What had been presented as exaggerations, misrepresentations or even jokes – Trump being simply Trump – were exposed as fabrications, and he responded with taunts, vicious accusations and an all-out assault on the truth. Anyone who disagreed with him was a loser; media coverage that questioned his actions was fake news. Disruption, controversy, and grievances were what he sold now, and his selling instincts were even more honed. Indeed, he had undermined the very idea of ​​truth, replacing it with what his senior White House consultant, Kellyanne Conway, famously called “alternative facts.”

In the process, what had once been his superpower, hyperbole, crossed the line from what Trump called “truthfulness” and Stephen Colbert might have described as “truth” to outright lies. Financial statements used for loans and appraisals claimed his 11,000 square foot apartment was 30,000 square feet and was worth $327 million, nearly $100 million more than the most expensive condo sale in the world. New York History; that Mar-a-Lago and other properties could be subdivided and developed into McMansions despite conservation easements; and that cash controlled by a business partner belonged to it. Such actions were not innocent exaggerations; they were violations of the law.
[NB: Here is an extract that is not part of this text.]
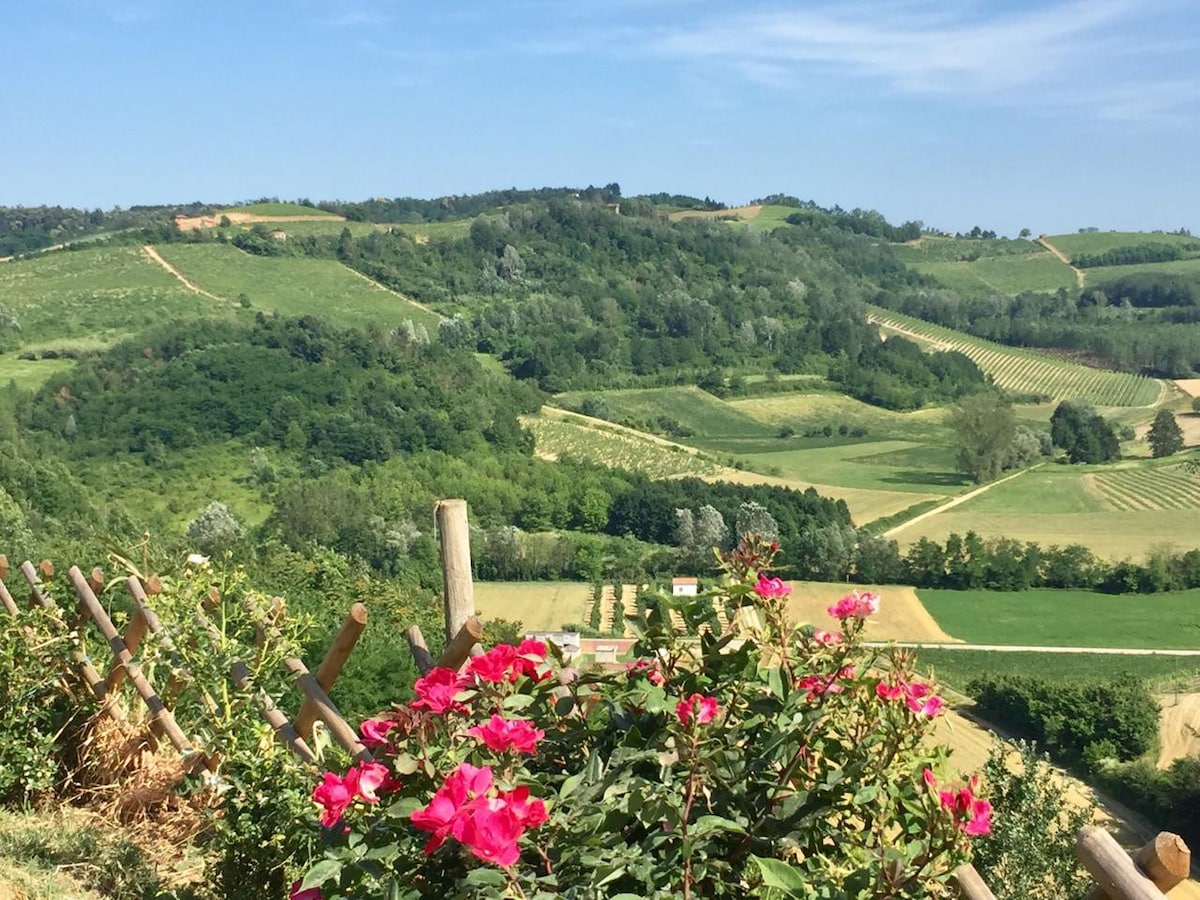 山坡别墅，景观绝佳， Monferrato Nice Monferrato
And finally, despite Trump’s well-known avoidance of emails, text messages and paper trails, there was evidence – plenty. Citing more than 65 witnesses, millions of documents and a decade of inaccurate annual financial statements containing more than 200 grossly misleading valuations, Attorney General James filed a civil lawsuit in state court and sent a criminal referral to prosecutors. Manhattan feds and tax evasion. referral to the IRS.
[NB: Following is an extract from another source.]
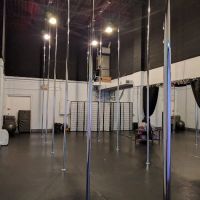 DivaFit Pole and Aerial Fitness ico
When I was writing my biography of the Trump family, I interviewed a real estate attorney named Eugene Morris who had worked for both Donald Trump and his father. Morris’ first cousin was famed political fixer Roy Cohn, who served as Donald Trump’s lawyer and mentor, and Morris told me the young Trump seemed particularly impressed with Cohn’s ability to avoid jail time despite his charge of tax evasion. No doubt Donald Trump is hoping for the same fate, but he has to be careful what he wishes for. James has filed a civil lawsuit, which cannot send a defendant to jail, but if successful it will demand repayment of the $250 million he allegedly pocketed through fraud and that he and his children be permanently banned from doing business in New York. The Trump Organization would be devastated, but in an O. Henry twist, Trump and his children would truly share what might be considered the equivalent of Cohn’s ultimate fate, being disbarred two months before his death.